Brüno

How will you know if Bruno is your type of film? Answer this question. How do you feel about a running gag involving an exercise bike converted for use as a super-dildo? Funny? Or obnoxiously revolting?

Compared to Sacha Baron Cohen’s breakthrough in Borat three years ago, Bruno is more outlandish, more perverse, more obvious, more rambling, more gag-oriented, more unfocused, much more outrageous, about as hysterical, maybe even more so, and missing a certain sweetness. It will be interesting to see how it plays to gay audiences – whether it is condemned or championed.
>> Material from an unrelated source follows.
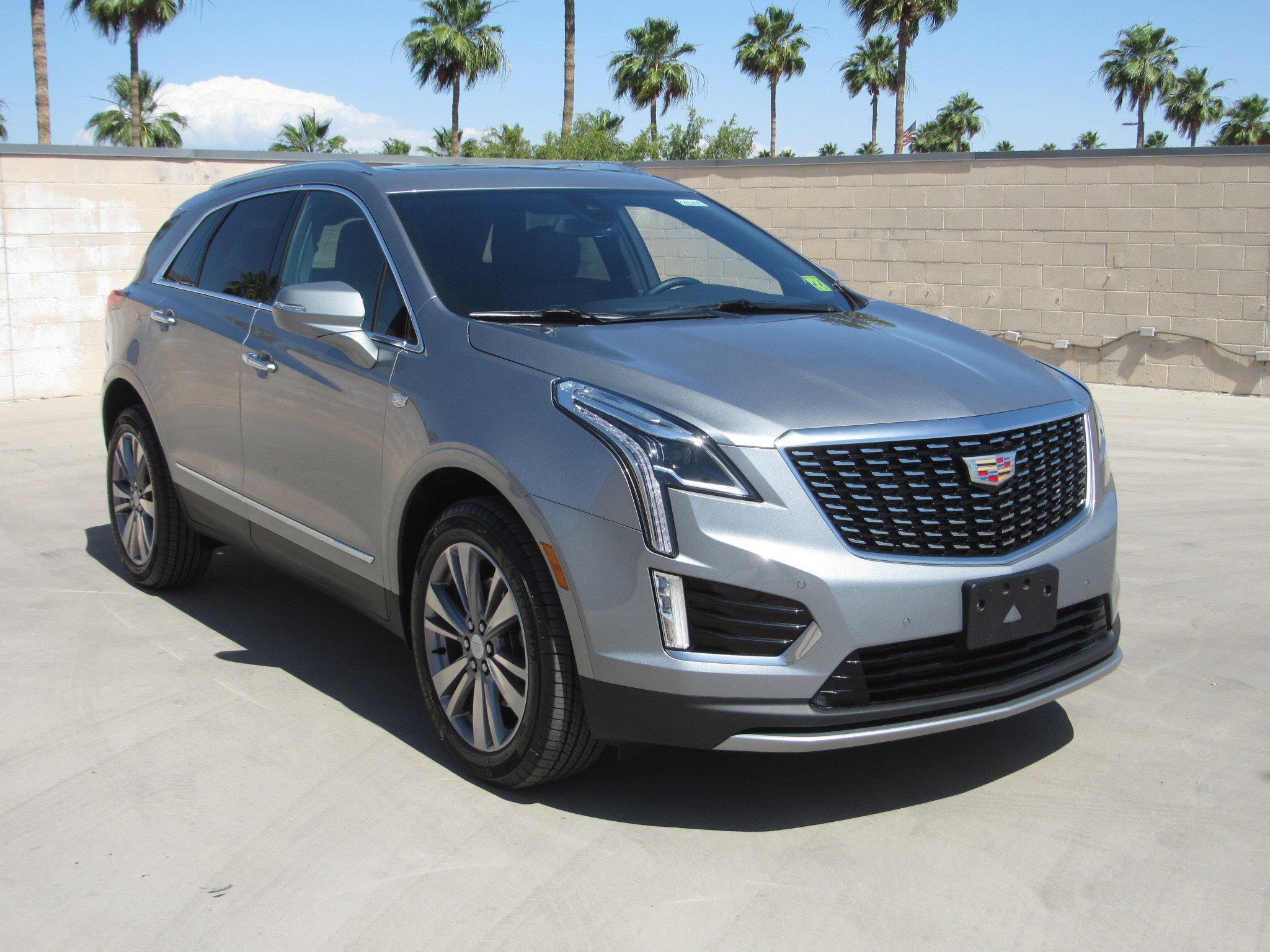 Used 2025 Cadillac XT5 Premium Luxury FWD image 2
That’s because Bruno is a gay stereotype taken to extremes, like a comic version of Shaft for homosexuals. This comic creation is a truly flaming Austrian fashion show host who comes to Los Angeles with the sole goal of ascending to stardom. His European flamboyance confronts and exposes the real and semi-real Americans that he meets in his travels. In England they refer to this as the art of “taking the piss.”

That approach, of course, is a repeat of the tactics of Borat. While there is a certain sense of easy targeting that keeps both films from being decisive social commentary (homoerotic clenching at a ultimate fighting venue is pretty easy material), they make consistently amusing set pieces.

There’s a certain game you play while watching Cohen’s films. I call it “Actor, Non-actor, or Playing Along.” The idea is to guess the status of any single “regular” American appearing. Some are normal people unknowingly confronted with the outrageous. Others are normal people aware they are in a movie and playing to the camera. A number of the apparently “real people” are probably scripted actors, I would guess. Do you really truly think that even the worst showbiz mom would swallow hard and let her toddler play a Nazi stuffing another baby into an oven? The result is a three-headed film. Occasionally you have to guess which film you are in.

Yet in its send-up of fame and its callous lack of taste, Bruno is profanely hilarious. His simulated imaginary fellatio on the dead member of Milli Vanilli in front of a shocked showbiz psychic is an unforgettably perverse gem. And just as you think the humor is running low on its gaydom, Bruno decides to go straight, which opens a whole ‘nother can. It’s a second wind for a film that seems to have seven of them.